Cascade to my palate is fairly grapefruity. I haven't noticed soapiness or grassiness. Levels of hopping and length of hopping are something to look at too.

Try soaking some cascade in warm water for a day and seeing if the same smell/taste is there. In that case it's the hop and your interpretation is soap (maybe a smell memory of a floral/herbal type of past experience)


----------



## The Giant (21/1/11)

i've dry hopped with cascade before and havent noted that flavour sensation, and as said above 48 hours is prob to little for grassiness

was it whole lime pieces u added? skin and all? were these washed before hand? how did u sanitise them?
Just thinking it could be that addition of lime?

From advice here when ever i add lime/lemon i usually boil the juice and zest at the start with some fermentables and then add to the fermenter and start my beer from there,not saying its the only way or right thing to do but maybe the addition of lime after fermentation has had an adverse effect?


----------



## Guysmiley54 (21/1/11)

I dry hopped with simcoe and got a real musky sort of flavour. It took 4-6 weeks to settle down, not sure if it really floated my boat.


----------



## Nick JD (21/1/11)

I've given up dry hopping - it works most of the time, but the times it doesn't makes ya wonder why you did it. 

My preference now is just a big whack of hops really late in the boil. Never fails and gives me all the hoppiness I need. If the recipe calls for dry hops I just add them at 5 minutes to go.

Of course, YMMV.


----------



## BjornJ (21/1/11)

Another option could be that the soapy flavours are from leaving the beer too long in the fermenter.
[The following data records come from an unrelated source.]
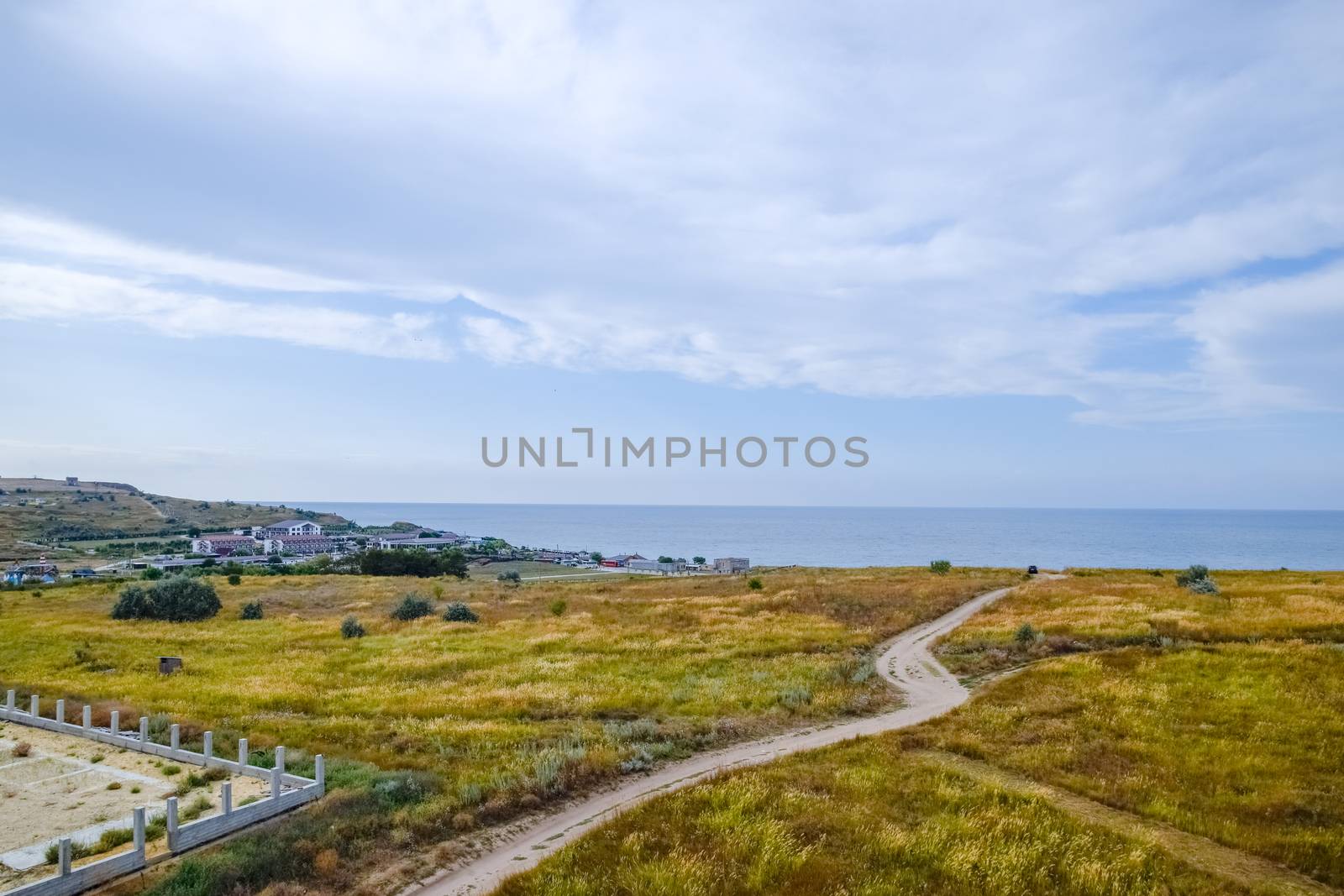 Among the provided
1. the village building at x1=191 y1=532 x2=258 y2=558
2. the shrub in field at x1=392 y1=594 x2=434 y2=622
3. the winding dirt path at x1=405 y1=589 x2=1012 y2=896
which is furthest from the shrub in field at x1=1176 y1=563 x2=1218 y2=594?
the village building at x1=191 y1=532 x2=258 y2=558

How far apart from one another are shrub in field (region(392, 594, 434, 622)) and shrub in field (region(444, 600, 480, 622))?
2168 mm

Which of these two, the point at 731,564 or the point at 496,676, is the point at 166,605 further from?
the point at 731,564

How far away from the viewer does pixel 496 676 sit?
91.8 feet

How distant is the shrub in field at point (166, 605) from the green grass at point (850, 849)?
146 feet

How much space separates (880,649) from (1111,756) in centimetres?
1523

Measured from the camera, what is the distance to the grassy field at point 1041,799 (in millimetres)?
11812

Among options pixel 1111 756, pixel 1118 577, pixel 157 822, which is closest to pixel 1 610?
pixel 157 822

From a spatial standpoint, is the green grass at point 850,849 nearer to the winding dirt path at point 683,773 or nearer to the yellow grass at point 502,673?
the winding dirt path at point 683,773

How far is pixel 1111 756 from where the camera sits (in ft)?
58.6

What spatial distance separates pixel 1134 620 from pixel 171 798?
37.5m

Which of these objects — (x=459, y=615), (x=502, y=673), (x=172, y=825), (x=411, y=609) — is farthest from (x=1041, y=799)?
(x=411, y=609)

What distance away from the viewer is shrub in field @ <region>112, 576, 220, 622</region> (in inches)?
1820

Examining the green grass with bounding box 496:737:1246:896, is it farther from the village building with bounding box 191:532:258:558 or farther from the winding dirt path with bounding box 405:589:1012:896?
the village building with bounding box 191:532:258:558

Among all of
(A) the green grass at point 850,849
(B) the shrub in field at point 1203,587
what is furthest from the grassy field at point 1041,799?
(B) the shrub in field at point 1203,587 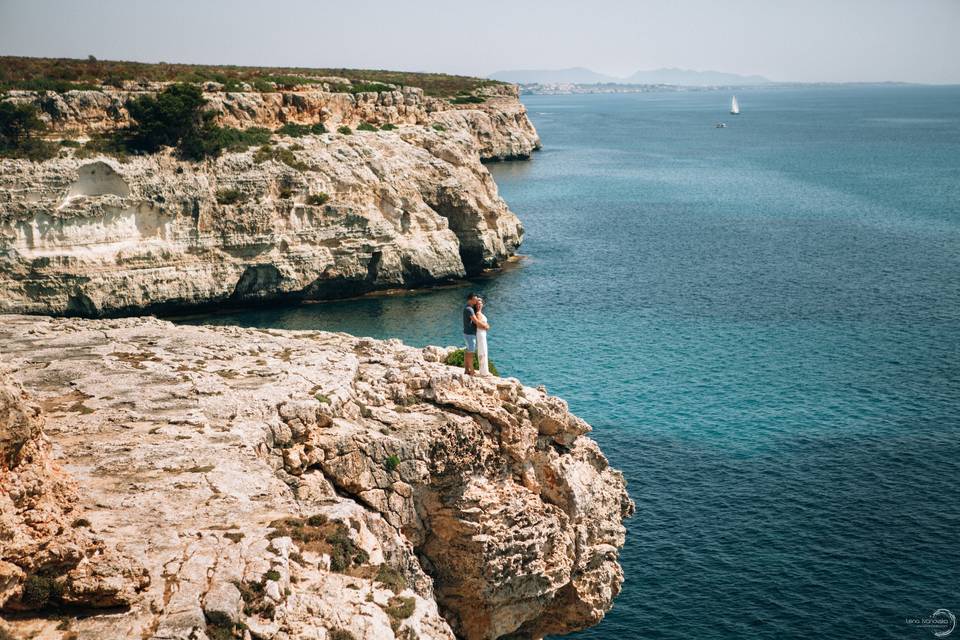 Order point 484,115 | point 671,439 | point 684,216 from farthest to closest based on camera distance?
1. point 484,115
2. point 684,216
3. point 671,439

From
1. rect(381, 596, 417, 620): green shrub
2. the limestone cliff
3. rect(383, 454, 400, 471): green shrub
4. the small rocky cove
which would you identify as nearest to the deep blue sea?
the limestone cliff

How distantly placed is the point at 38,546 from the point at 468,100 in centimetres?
16717

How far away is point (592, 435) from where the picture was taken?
4819 cm

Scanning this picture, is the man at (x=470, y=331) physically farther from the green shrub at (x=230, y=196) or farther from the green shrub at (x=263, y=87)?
the green shrub at (x=263, y=87)

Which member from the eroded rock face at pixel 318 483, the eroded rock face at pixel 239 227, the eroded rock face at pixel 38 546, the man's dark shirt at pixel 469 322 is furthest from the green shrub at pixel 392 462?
the eroded rock face at pixel 239 227

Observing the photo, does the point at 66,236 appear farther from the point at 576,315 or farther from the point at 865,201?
the point at 865,201

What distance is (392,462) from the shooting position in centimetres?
2388

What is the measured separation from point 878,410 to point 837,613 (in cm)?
1990

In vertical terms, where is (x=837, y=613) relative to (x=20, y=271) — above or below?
below

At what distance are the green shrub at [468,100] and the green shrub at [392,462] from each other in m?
152

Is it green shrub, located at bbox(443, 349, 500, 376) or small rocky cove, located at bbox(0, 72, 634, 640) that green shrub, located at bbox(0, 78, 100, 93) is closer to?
small rocky cove, located at bbox(0, 72, 634, 640)

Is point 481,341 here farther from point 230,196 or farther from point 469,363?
point 230,196

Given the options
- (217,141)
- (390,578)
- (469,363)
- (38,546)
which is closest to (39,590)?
(38,546)

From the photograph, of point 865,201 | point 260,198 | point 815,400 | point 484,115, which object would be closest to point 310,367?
point 815,400
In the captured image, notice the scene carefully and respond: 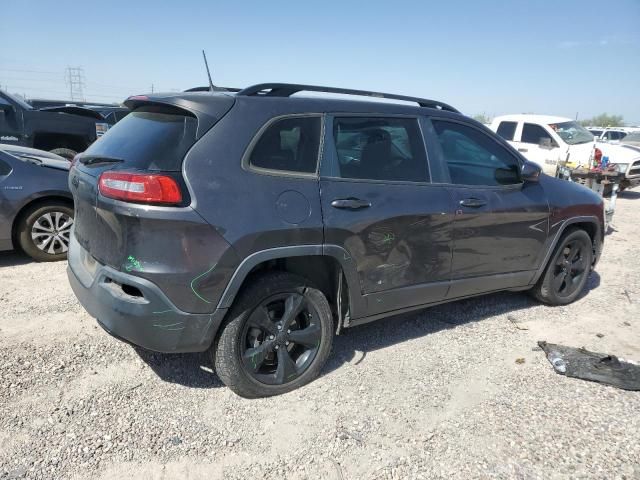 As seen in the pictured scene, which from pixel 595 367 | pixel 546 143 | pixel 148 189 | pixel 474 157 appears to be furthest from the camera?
pixel 546 143

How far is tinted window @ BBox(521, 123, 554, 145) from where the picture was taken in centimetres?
1206

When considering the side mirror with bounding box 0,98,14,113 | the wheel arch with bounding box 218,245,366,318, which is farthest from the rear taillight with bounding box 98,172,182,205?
the side mirror with bounding box 0,98,14,113

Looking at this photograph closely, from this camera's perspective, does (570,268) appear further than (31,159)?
No

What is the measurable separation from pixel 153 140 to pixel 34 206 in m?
3.21

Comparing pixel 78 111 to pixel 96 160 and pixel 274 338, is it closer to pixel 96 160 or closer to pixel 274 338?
pixel 96 160

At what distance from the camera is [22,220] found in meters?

Not saying it is, not knowing how long at what temperature this beer has been in the fermenter.

Just saying it's another thing to consider,

http://makinghomemadewineandbeer.blogspot....te-in-beer.html 


_If you leave the beer in the primary fermentor for a relatively long period of time after primary fermentation is over ("long" depends on the style and other fermentation factors), soapy flavors can result from the breakdown of fatty acids in the trub. Soap is, by definition, the salt of a fatty acid; so you are literally tasting soap._


----------



## dr_pepper (22/1/11)

thanks for all the help guys

manticle - soaking hops in water is a good idea, ill get my hands on some more cascade today and give it a go. cheers

the giant - i cut the lime into about 12 small pieces then boiled it in a small amount of water and threw it all in. i saw many different ways to do it through searching the forum, and just went for what sounded easiest. 

bjorn j - it was in there for exactly 2 weeks when i added the lime / hops and got the soapy flavour. i'm using a 497 lager yeast and had it sitting at 15degC for the whole 2 weeks. up until adding the lime / hops, there had been no weird flavours, just boring flavours, hence trying to jazz it up. however its possible when i moved the fermenter out of the fridge and into the kitchen to add the hops / lime, it got fairly bumpy and would have definitely disturbed the trub..so could it be something to do with that?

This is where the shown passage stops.